For Keighty Gallagher and her friends, OkCupid is as much a part of the social-media mix as Twitter and Facebook. “If a guy asks me out within the first two to three messages, I get turned off,” says the pretty blonde marketing assistant, who’s in her early 20s and lives in Vancouver. “I like to take my time with these things, so if a steady back-and-forth conversation lasts even a few weeks and he hasn’t asked me out, that’s ok with me.”
“Unfriend somebody if you think it’s going to upset the new person you’re dating. Those lovey-dovey shots, just take them off, or at the very least untag yourself and him.”
Perhaps it’s an age thing. Lisa Bernardin, a Vancouver human resources adviser in her early 40s, signed up for Plenty of Fish a few years ago and went on 11 different dates. “Guys between 38 and 43, they’re not into playing games and wasting time,” she says. “They want to meet and figure out if there’s something there.”
Eventually, Bernardin met someone irl (in real life), but says she’d go online again if she found herself single in the future. “It helped me to find out what I’m looking for,” she says. “It got me out there and helped me conquer my fears about approaching guys. You ask if they want to get a coffee, they say no, and it’s no big deal.”

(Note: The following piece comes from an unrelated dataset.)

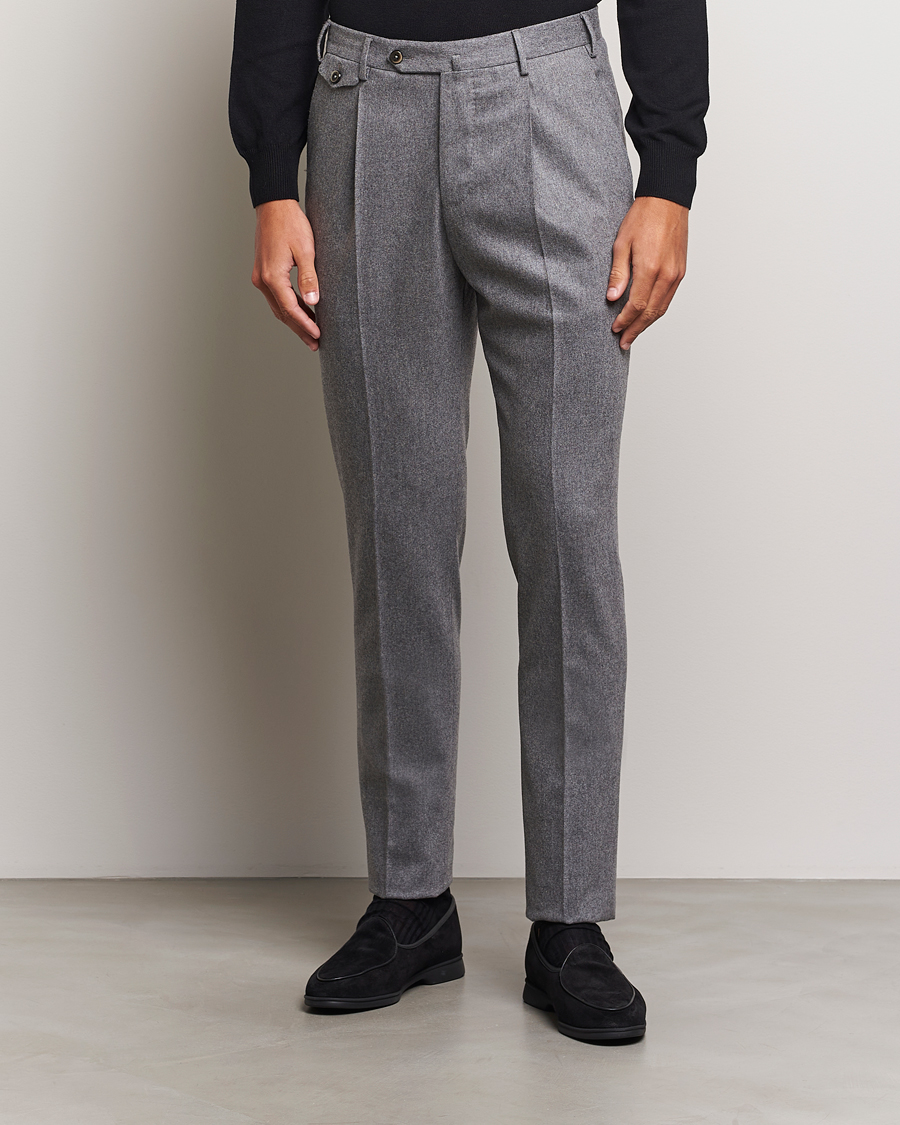 Homme |  | PT01 | Slim Fit Pleated Wool/Cashmere Trousers Grey Melange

As for that ex who untagged himself from my photos, Spira says this is perfectly acceptable behaviour when a relationship has run its course. “Unfriend somebody if you think it’s going to upset the new person you’re dating,” she advises. “Those lovey-dovey shots, just take them off, or at the very least untag yourself and him.” However, she advises giving a heads-up and an explanation before you go about this exorcism—the modern version of separating out your possessions.
Currently apathetic about my relationship status, or perhaps feigning ambivalence as a means of self-preservation, I’m still logging on and looking, because sitting on my couch with my laptop is a lot better than the bar-stool alternative. I still don’t know if I’ll ever be able to match the dating successes of my friends, but whether it’s online or irl, I know that I’m not going to find a good apple unless I get out there and start picking.